## Brief
Pictures in the records are to be excluded from an otherwise exact copy.

=====

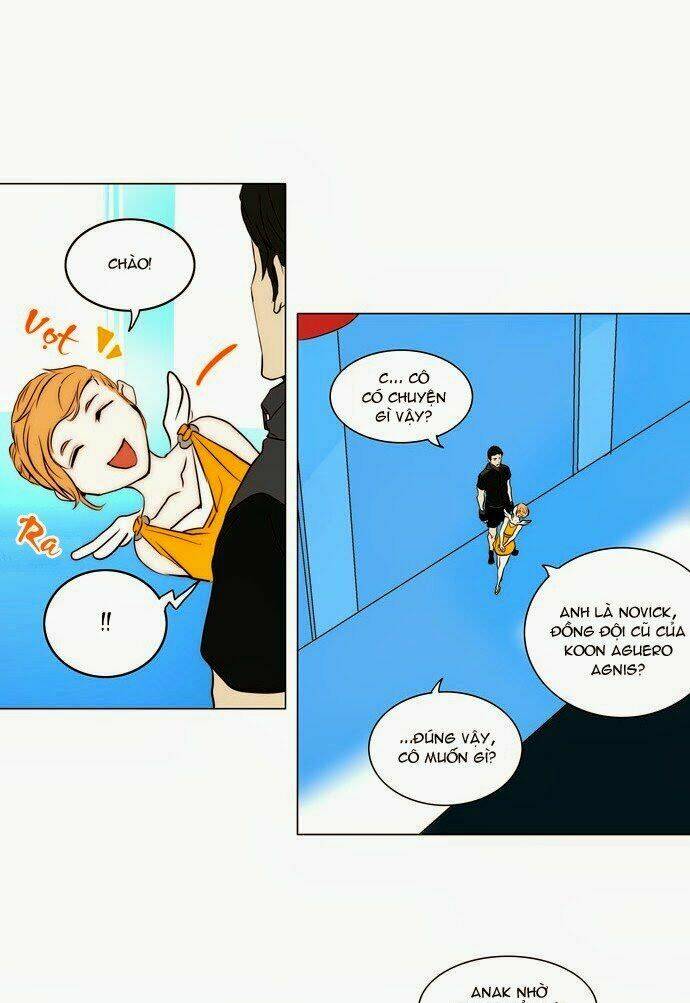 cuộc chiến trong tòa tháp chapter 163 6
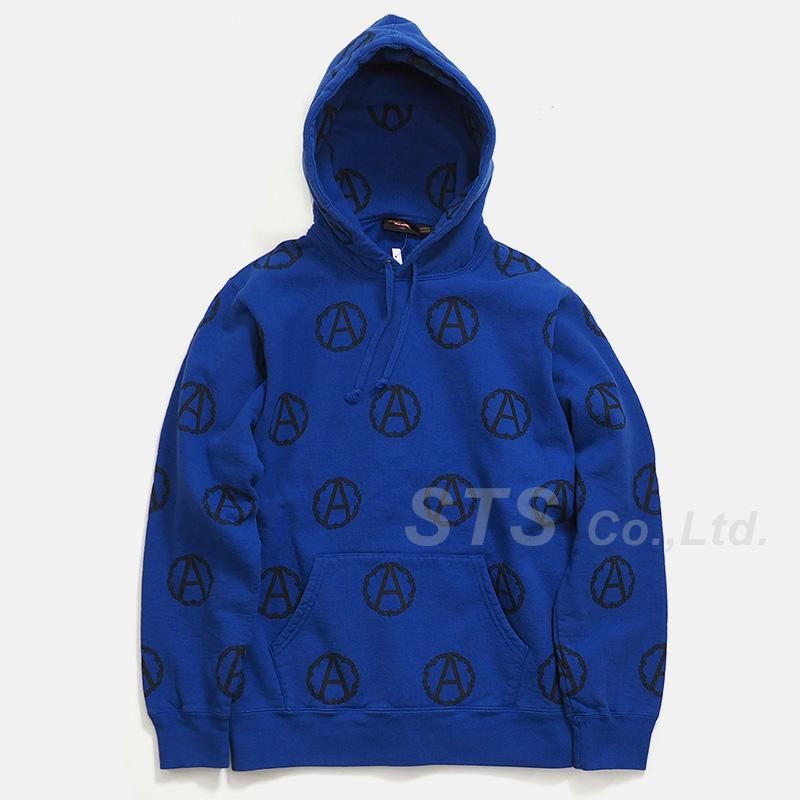 Supreme/UNDERCOVER Anarchy Hooded Sweatshirt - ParkSIDER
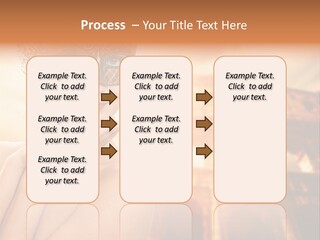 Mystery Majestic Face PowerPoint Template
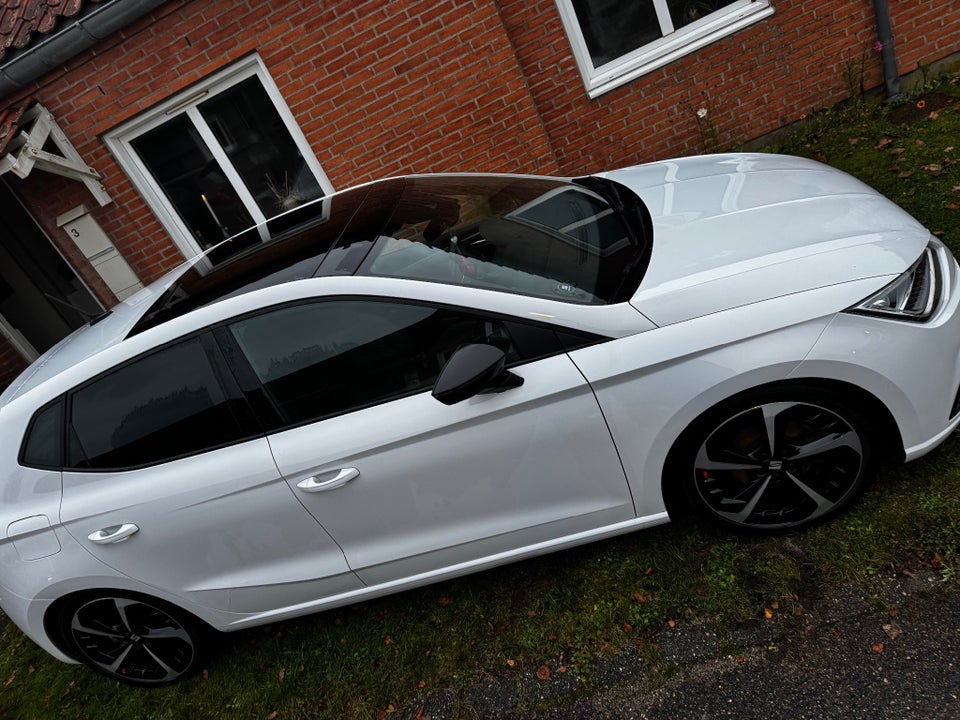 Seat Ibiza 1,0 TSi 110 FR DSG 5d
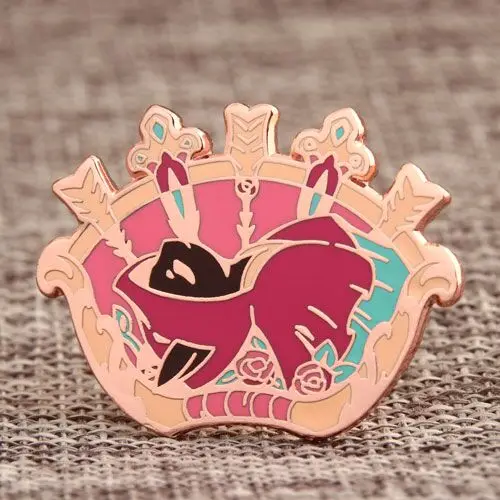 Cat Baby Custom Pins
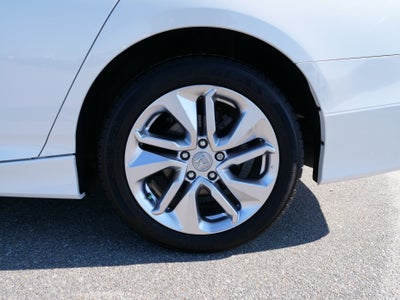 2019 Honda Accord Sedan LX 1.5T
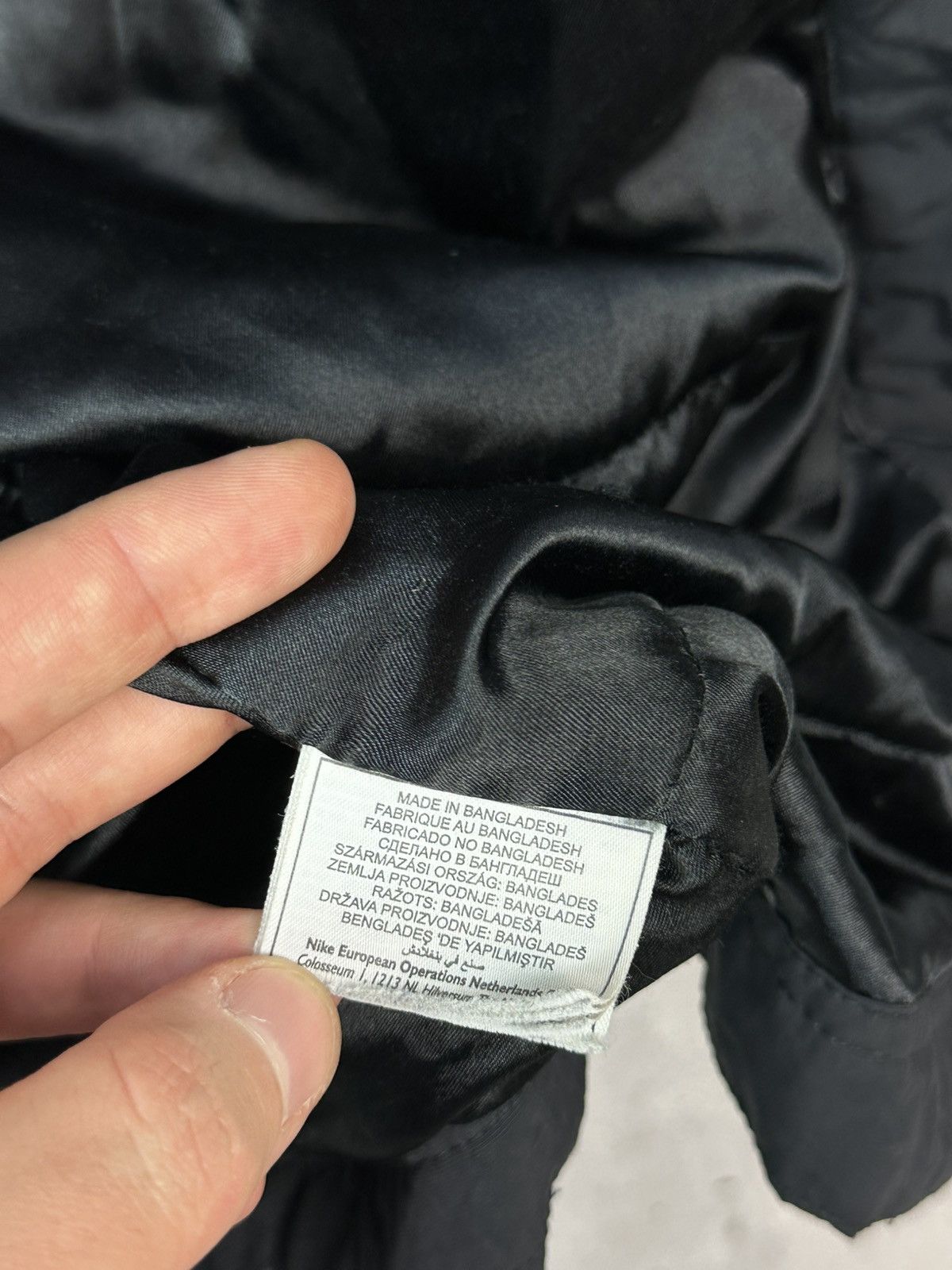 Nike ACG Nike ACG Vintage Black Long Women’s Parka Size XS / US 0-2 / IT 36-38 - 13 Thumbnail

=====

## Written response
 cuộc chiến trong tòa tháp chapter 163 6
 Supreme/UNDERCOVER Anarchy Hooded Sweatshirt - ParkSIDER
 Mystery Majestic Face PowerPoint Template
 Seat Ibiza 1,0 TSi 110 FR DSG 5d
 Cat Baby Custom Pins
 2019 Honda Accord Sedan LX 1.5T
 Nike ACG Nike ACG Vintage Black Long Women’s Parka Size XS / US 0-2 / IT 36-38 - 13 Thumbnail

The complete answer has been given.